Why did you decide to write a book on the topic of farmers markets, specifically?
I think because there have been so many new markets that have opened, and I think people need to understand the place that they hold in our food system. Back in the mid-1800s when the city fathers wrote the charter of St. Paul, they built into it a farmers market, so the city must always have one. That’s really cool because they understood the importance of bringing together the rural part of the region with the urban part of the region.
For me, farmers markets are a fundamental part of the city. I wanted to write [“Minnesota’s Bounty”] because of their importance and their importance in our food system. I wanted people to understand that the markets aren’t only a great place to buy food, but they’re also a place where a lot of food entrepreneurs have begun. So you see companies like Cedar Summit Farm dairy, who got their start at the St. Paul Farmers’ Market. … A number of entrepreneurs have started by just selling at the market and then moving beyond that.

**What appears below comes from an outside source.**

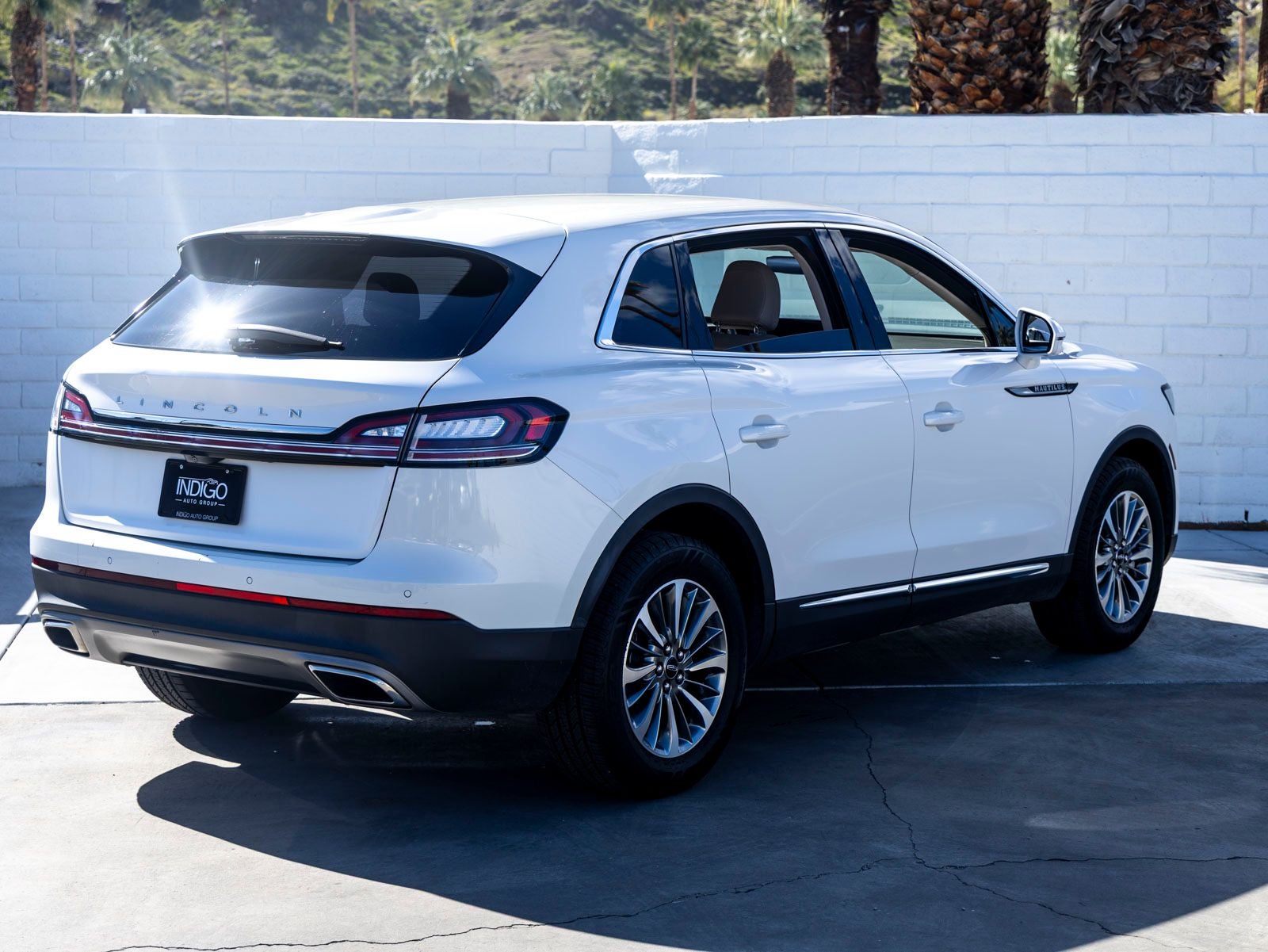 2021 Lincoln Nautilus Standard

So, [markets] are important for a lot of reasons.
Can you explain your ingredient-first philosophy a little?
So, the idea is that you go the market, you look to see what’s beautiful, you buy what you like and then you come home and cook. The reason why I did it by ingredients instead of by season is that — look at our seasons now — our seasons are so out of whack, they’re all over the place. So, you see what you have, and then you look it up in the book. It’s kind of a field guide to the market.
Aside from the concept of ingredients first, what are some of the main ideas in “Minnesota’s Bounty”?
To showcase our wonderful small farmers. To get people to pay attention to the markets for all the reasons beyond being a cool place to go. I wanted the book to be really user friendly, and I wanted people to also recognize that there’s a lot of local food that is at the market that they may not think of as being market food, like dairy and meat breads and things like that.
What do you hope your readers will take away from “Minnesota’s Bounty”?
I hope they’ll want to cook, and I hope they’ll also realize how easy and quick it is. Part of what I tried to do with the “quick ideas,” which are in each small chapter, is show that you don’t have to have an elaborate recipe for each ingredient. Really, there are lots of ways to use this food that will be quick and easy. You can shop the market just for the fun of it and come home and it doesn’t have to be a big production. You can just make a quick and really casual meal.
What are some of your techniques for when you shop the farmers market?
I’ve been doing it long enough that I have favorite vendors, so I always go and check in with them. But I think what I usually do is just buy a cup of coffee, take a big swoop and walk the market first to see what’s there and then go back and shop.
Do you have a favorite dish from the book that you like to cook?
It depends on what the season is. Right now my favorite dish is grilled asparagus with shallots and orange. That’s really fun to make. But when the asparagus are gone, it’ll be the pea soup.
Is there anything else that you wanted to add?
I just hope that what this does it make the markets feel more friendly and easy and not a big deal. I hope that people will get more like Europe, where you just go in, you make it part of your weekend routine. It’s just fun and relaxing. And the cooking is part of it, but it shouldn’t take over your whole day. It should just be really fun.